Spring and summer are usually my favorite times of the year. The first signs of spring waking from its winter slumber are magical to me. Everything feels fresh and new. Possibilities seems endless and hopes and dreams bubble up in my heart. The first day when it's finally warm enough to break out the Rainbows, planning trips to new places, and mild days of weather perfection make me feel all is right and good in the world. So many fun and exciting seasons of my life have started right around spring time like my now husband asking me on our first date, getting engaged (just before spring), and finding out I was pregnant.

I barely remember what spring felt like this year. It came and went without me noticing. Earlier this year I was given counsel to just hang on until the summer. There were difficult situations and decisions that needed to be made, and I was feeling the pressure of having to sort it all out right then. The summer would bring reprieve and a welcomed change in routine as it always does. My husband would be home, and we could take a breath.

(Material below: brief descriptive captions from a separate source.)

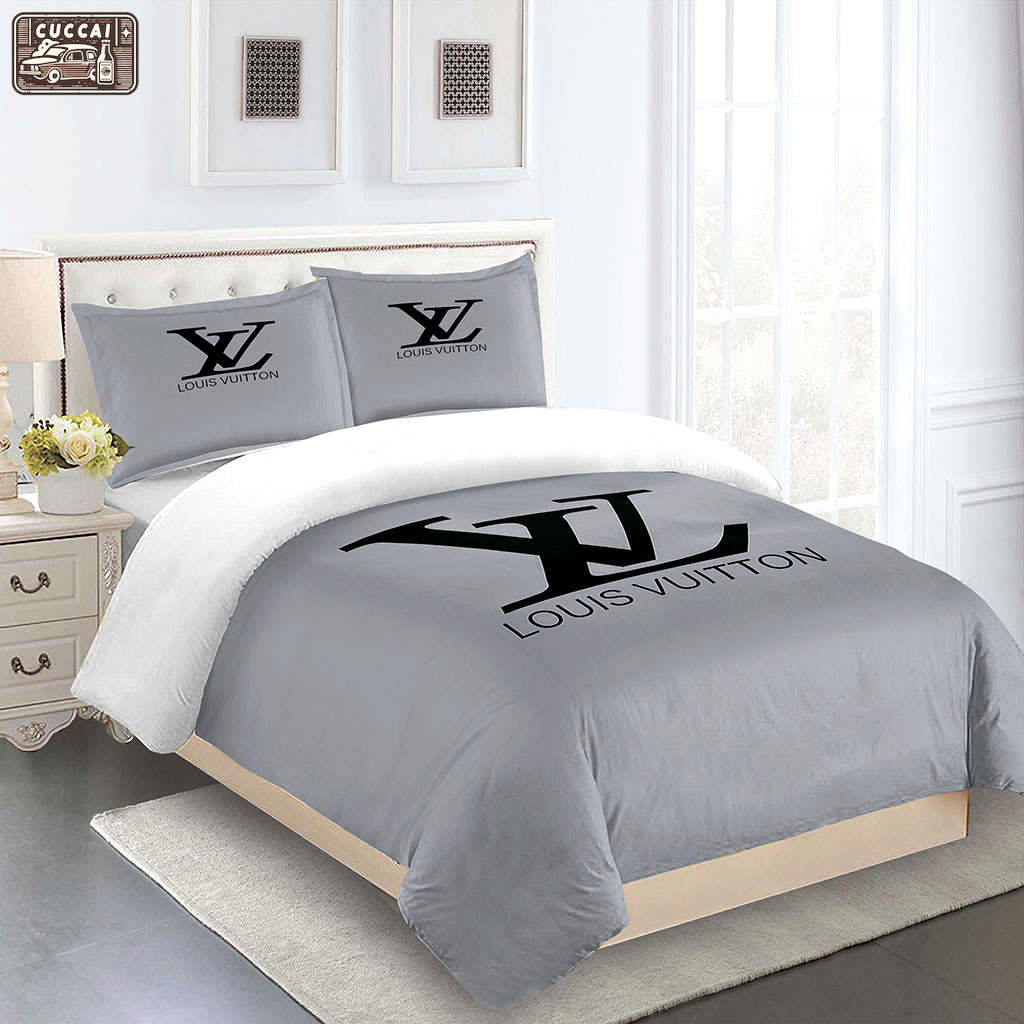 Comforter sets gray logo black full louis vuitton bedding set  home decoration Bedding Sets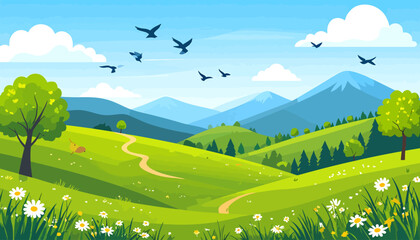 Fototapeta premium Vibrant cartoon landscape of a summer valley with rolling green hills, a winding path, flowers, and distant blue mountains.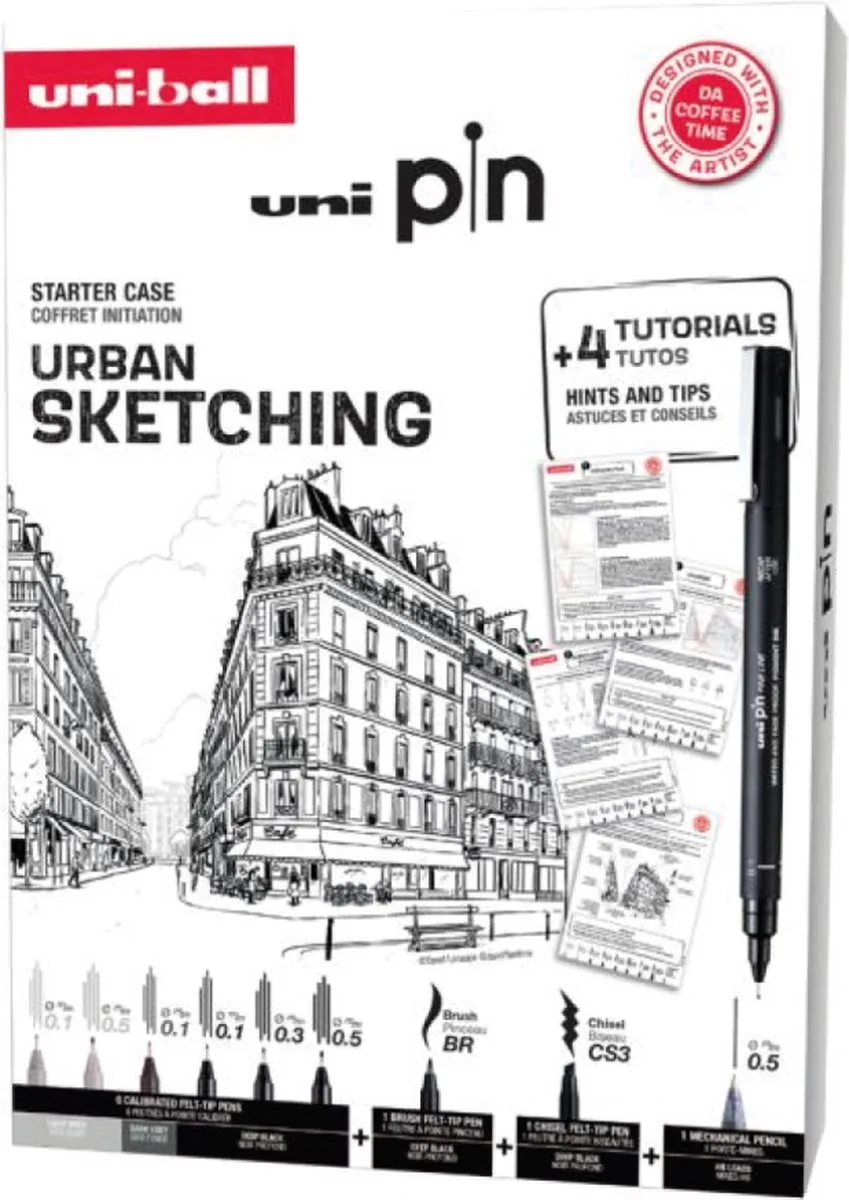 Pin Urban sketcher Set van 9 fineliners + tutorials and tips van uni-ball – productfoto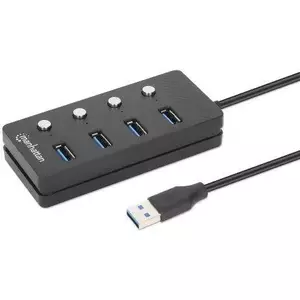 USB-C Док/Хаб Manhattan 4 Порта USB-A 5 Гбит/с Переключатель Вкл/Выкл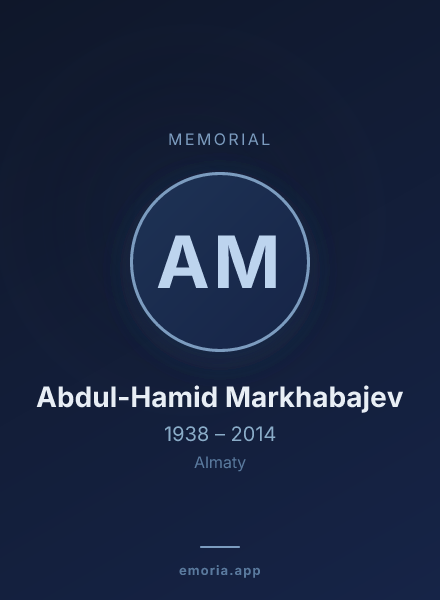Memorial portrait of Abdul-Hamid Markhabajev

He went back to work three weeks ago and right before his first day I said, "You know we spent the first half of the year just waiting for this season and now it's over." A sense of hopelessness came with the start of a new school year. It felt like we were diving head first back into where we left off before summer, and it didn't feel good.

But then something amazing happened.  Everything didn't turn black, blue and gray. Things went rather smoothly and our feelings of hopelessness and desperation turned to, "Everything's going to be OK." I don't exactly have a tangible reason for this hope that is floating to the top, but I do know when I've experienced this in the past something good is on the way. Maybe not in time for fall or winter or even spring, but it's coming.

This fall feels kind of like New Years to me. A chance to reevaluate and reset. A chance for change and growth. A chance for tearing down and rebuilding. Cheers to new seasons that offer hope and even if the change I long for doesn't come quickly may my heart still sing praise and my eyes stay fixed on Him.